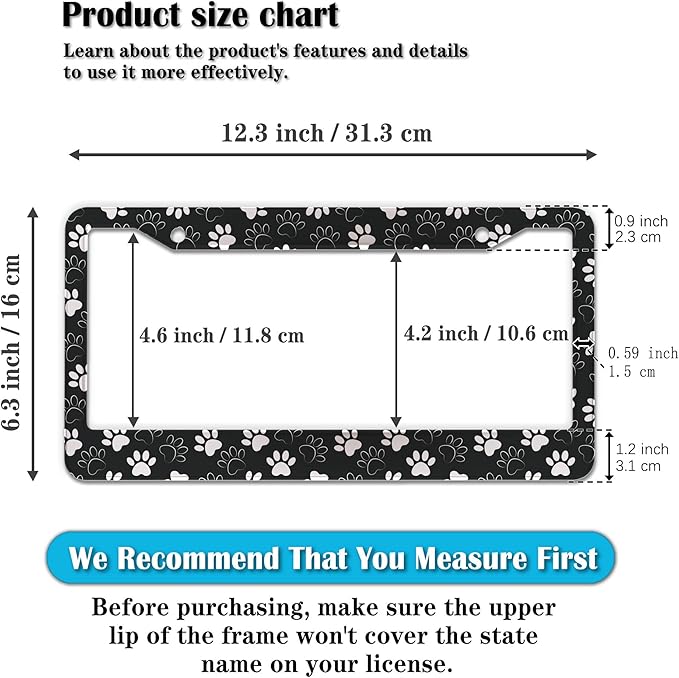 License Plate Holder Black and White License Plate Frames Black White Dog Cat Paw Print Universal Aluminum Car Accessory 2 Pack with Screw Covers Set
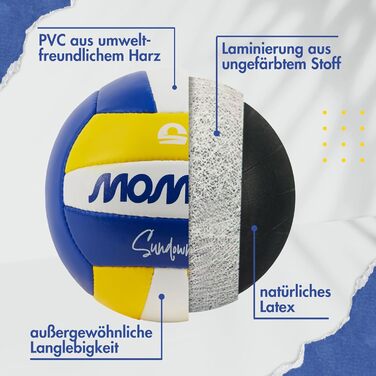 М'яч для волейболу Momevo на пляж, розмір 5, сертифікований DVV, м'яка поверхня, ідеальний для пляжного та пісочного спорту, у подарунчому наборі з насосом (блакитно-біло-жовтий)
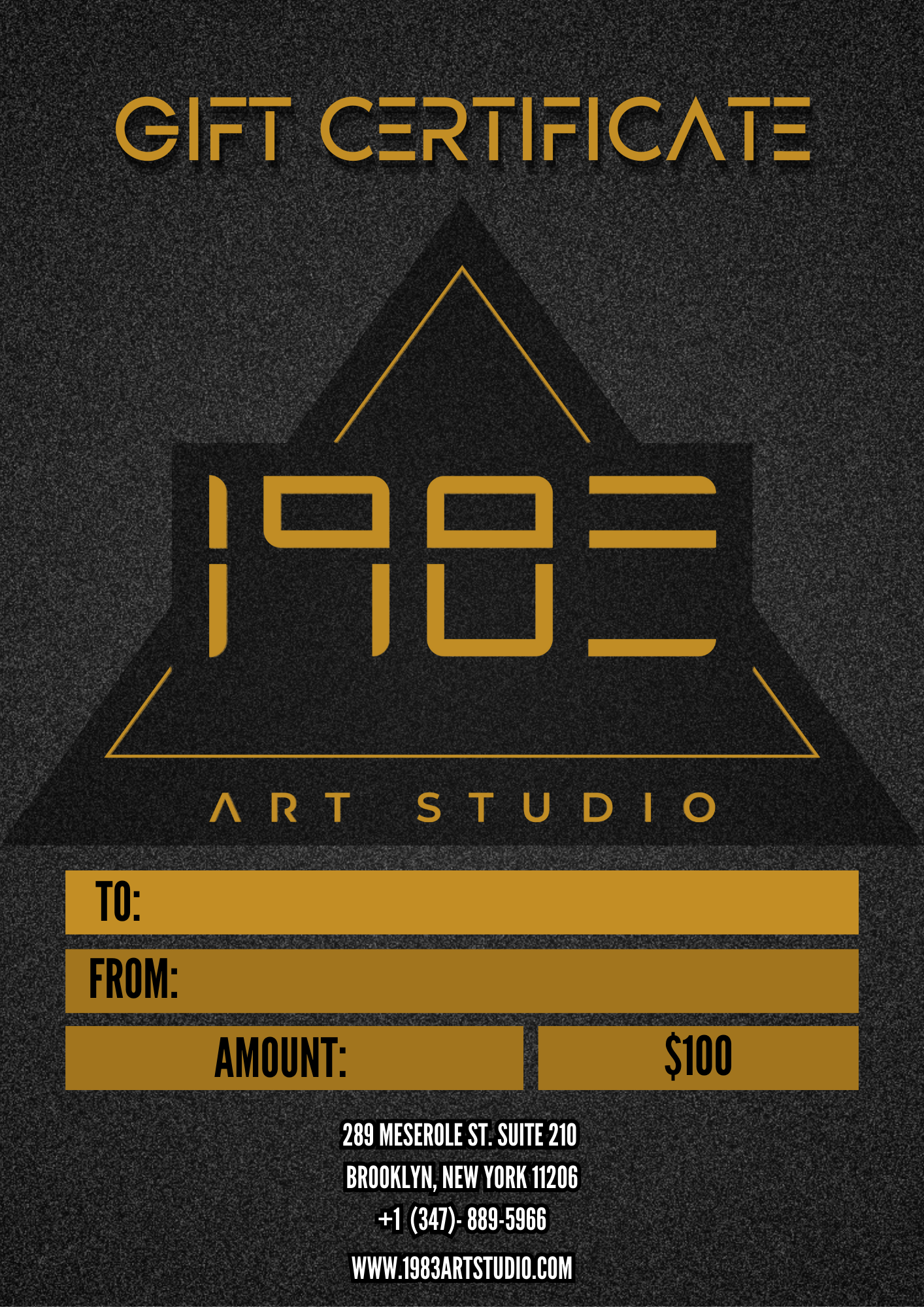 1983 ARTSTUDIO Gift Certificate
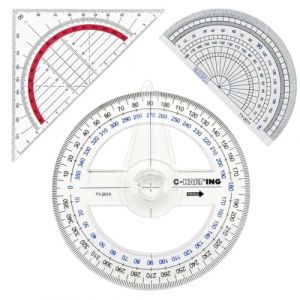 Cercle Rapporteur Triangle de G&eacute;om&eacute;trie Transparent Rapporteur 180 degr&eacute;s 360 Degr&eacute;s Rapporteur R&egrave;gle Bras Oscillant Angle Rapporteur en Plastique Cercle Mesure pour L' &eacute;cole Bureau (3 pi&egrave;ces) (ANETTEE GLOBALISS, neuf)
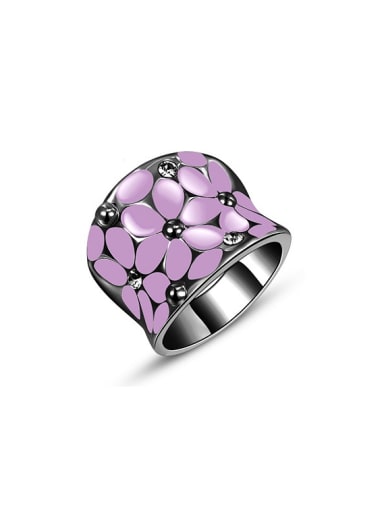 Purple Flower Pattern Enamel Women Ring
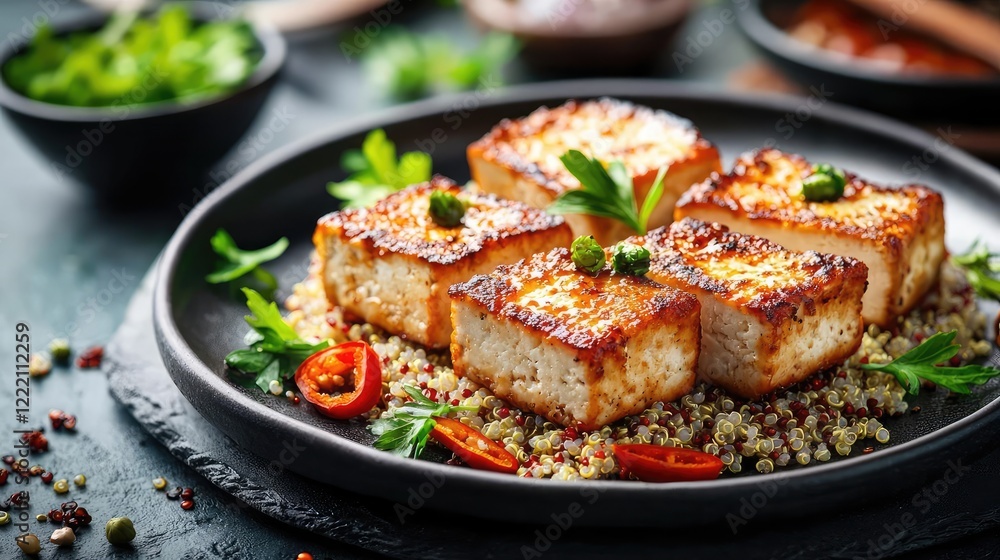 Meat alternatives foods idea. Deliciously grilled tofu served with quinoa and garnished with fresh herbs and spices. Meat alternatives foods idea. Deliciously grilled tofu served with quinoa and garnished with fresh herbs and spices.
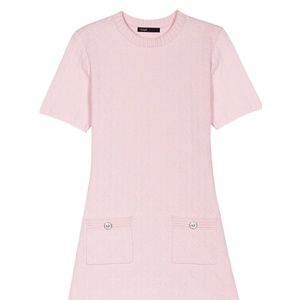 Maje textured knit dress pink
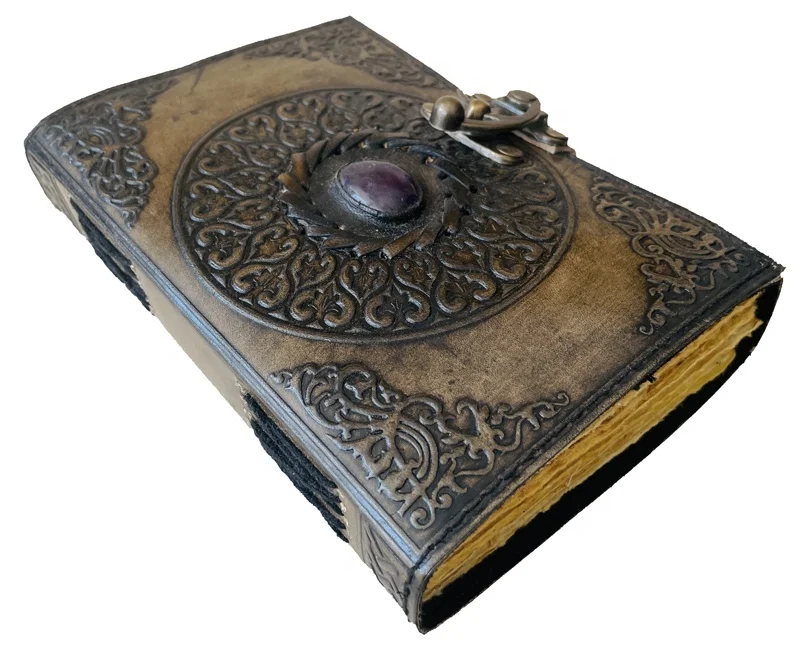 Wholesale  stone Leather Journal Writing Notebook Vintage Travel Diary for Men Genuine Leather Daily Notepad Kraft Paper Factory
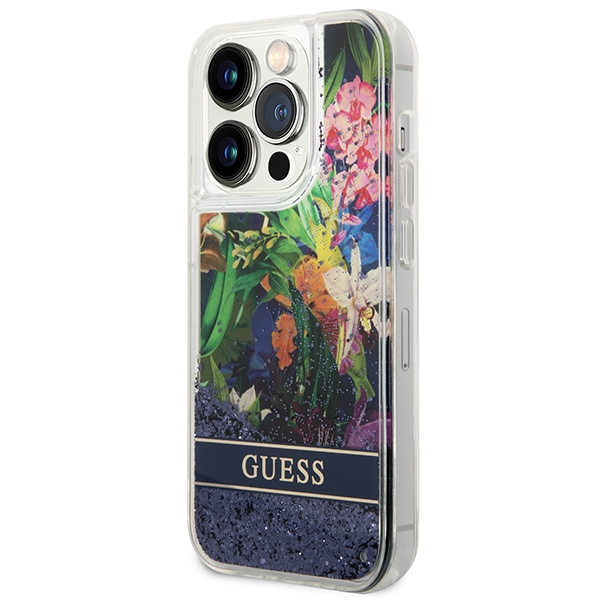 Guess GUHCP14XLFLSB Apple iPhone 14 Pro Max blue hardcase Flower Liquid Glitter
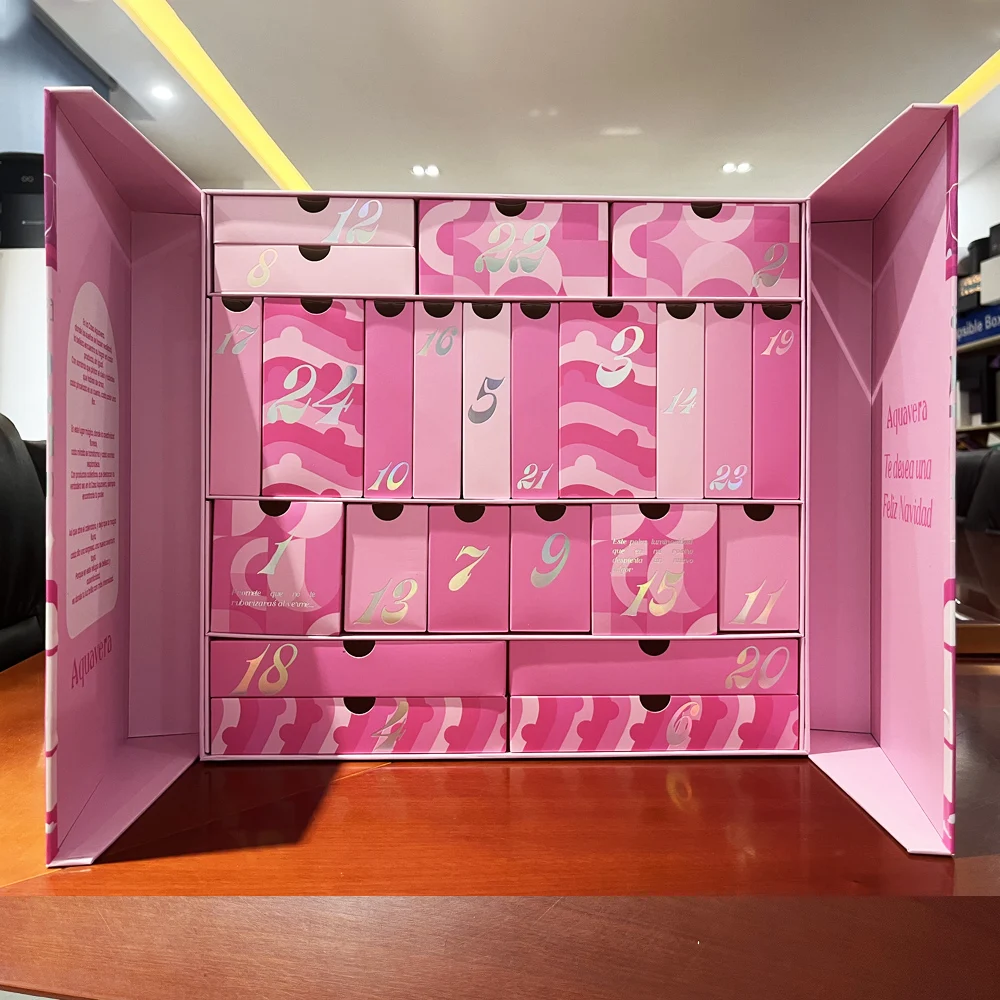 Empty Luxury Printed Logo Small Pink Cardboard Box Custom 24 Days Countdown Advent Calender Box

===

→ **Task details**
Write the lines from the line containing "Cercle Rapporteur Triangle" through the last line of the data out again exactly, and only those lines; pictures stay out.

→ **Exercise response**
 Cercle Rapporteur Triangle de G&eacute;om&eacute;trie Transparent Rapporteur 180 degr&eacute;s 360 Degr&eacute;s Rapporteur R&egrave;gle Bras Oscillant Angle Rapporteur en Plastique Cercle Mesure pour L' &eacute;cole Bureau (3 pi&egrave;ces) (ANETTEE GLOBALISS, neuf)
 Purple Flower Pattern Enamel Women Ring
 Meat alternatives foods idea. Deliciously grilled tofu served with quinoa and garnished with fresh herbs and spices. Meat alternatives foods idea. Deliciously grilled tofu served with quinoa and garnished with fresh herbs and spices.
 Maje textured knit dress pink
 Wholesale  stone Leather Journal Writing Notebook Vintage Travel Diary for Men Genuine Leather Daily Notepad Kraft Paper Factory
 Guess GUHCP14XLFLSB Apple iPhone 14 Pro Max blue hardcase Flower Liquid Glitter
 Empty Luxury Printed Logo Small Pink Cardboard Box Custom 24 Days Countdown Advent Calender Box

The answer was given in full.